Credit: Barrington Coombs/EMPICS Sport

In response to the House of Lords Gambling Select Committee’s report published yesterday, the English Football League (EFL) has insisted that the government does not impose a blanket ban on gambling sponsorships, citing concerns over the financial repercussions that the move could have on its clubs.

The ‘Gambling Harm – Time for Action‘ report recommended that there needs to be a ban on gambling sponsorships and venue advertising. However, the EFL has questioned the potential ramifications that such a ban could have, highlighting the financial effects that the global pandemic has already had in reducing the sustainability of professional football. 

As reported by the Daily Mail, an EFL spokesperson stated: “The Covid-19 pandemic represents perhaps the biggest challenge to the finances of EFL clubs in their history.

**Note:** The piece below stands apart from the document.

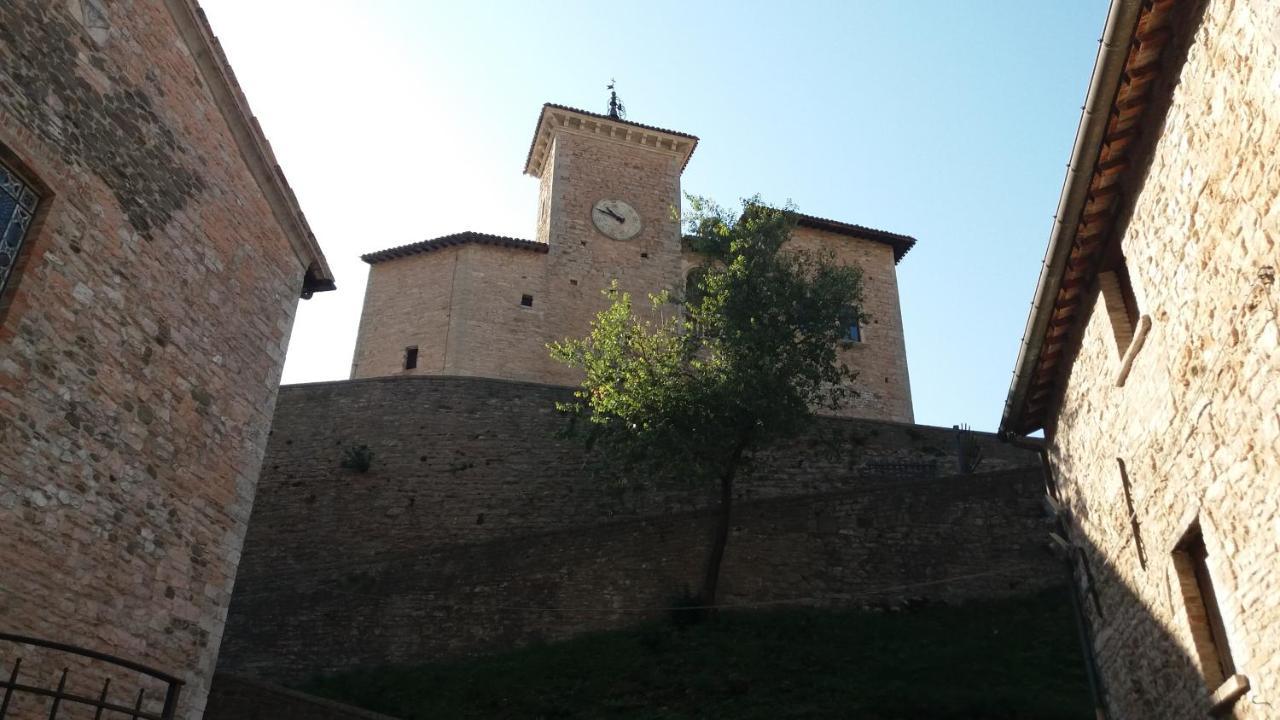 Albergo Montenerone Piobbico Luaran gambar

“With over £40m a season paid by the sector to the League and its clubs, the significant contribution betting companies make to the ongoing financial sustainability of professional football at all levels is as important now as it has ever been.

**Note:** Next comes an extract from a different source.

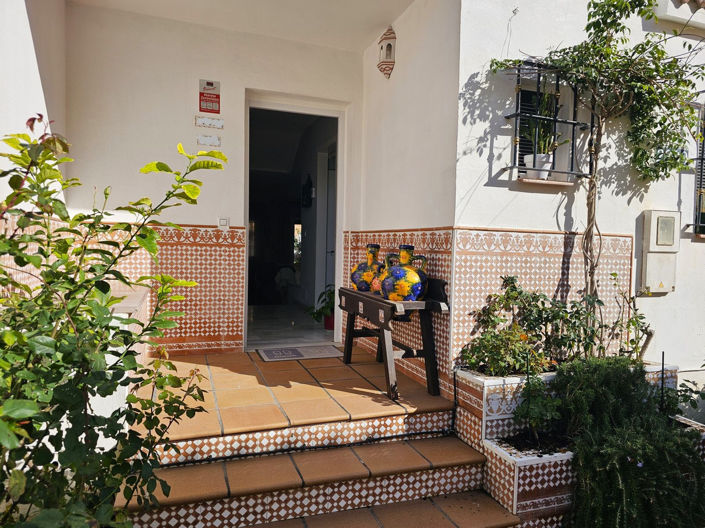 Image No.3-3 Bed Semi-Detached for sale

“The League firmly believes a collaborative, evidence-based approach to preventing gambling harms that is also sympathetic to the economic needs of sport will be of much greater benefit than the blunt instrument of blanket bans.

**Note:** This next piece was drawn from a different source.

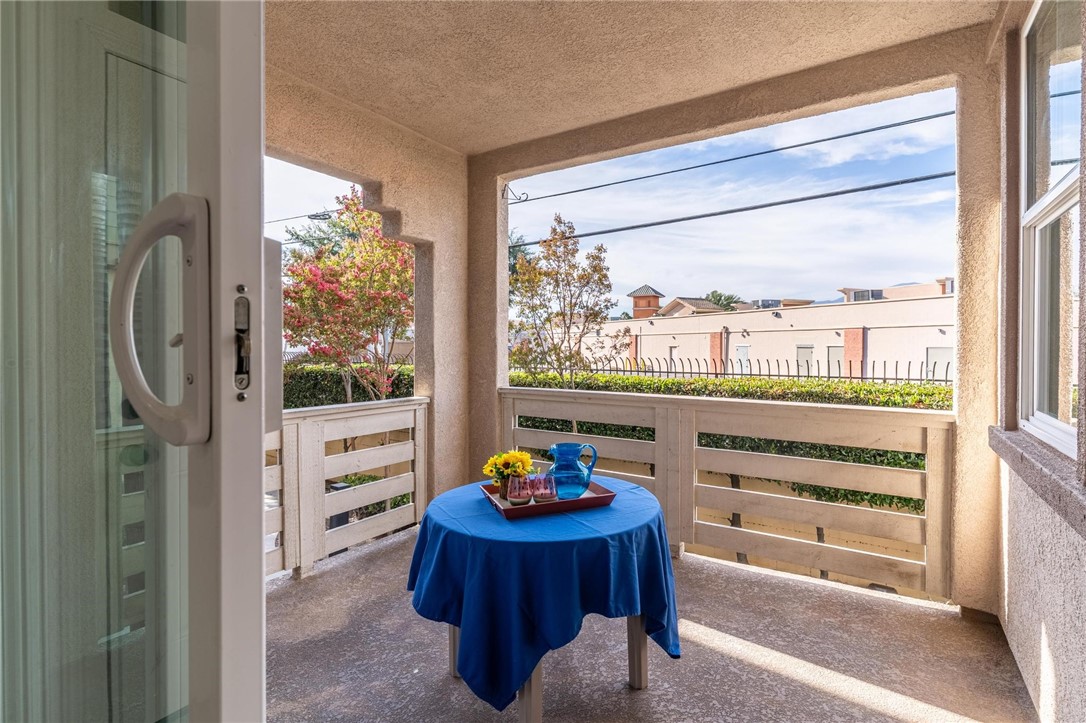 1543 Ledgestone Lane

“It is our belief that sports organisations can work with the Government and the gambling industry to ensure partnerships are activated in a responsible fashion.”

If the recommendation by the House of Lords Gambling Select Committee is implemented, then non-Premier League clubs will have until 2023 to find new, non-gambling sponsors.

The report read: “We think they should be given time, perhaps three years, to adapt to the new situation.

“They would not be allowed in that time to enter into new sponsorship contracts with gambling companies, but any existing contracts could continue until they terminate and clubs would have time to seek alternative sources of sponsorship.”

Gambling companies have become prevalent in the football industry in recent years with half of Premier League teams in the 2019/20 season having a gambling company as their main shirt sponsor, as do 17 of the 24 teams in the Championship, which is also sponsored by Sky Bet.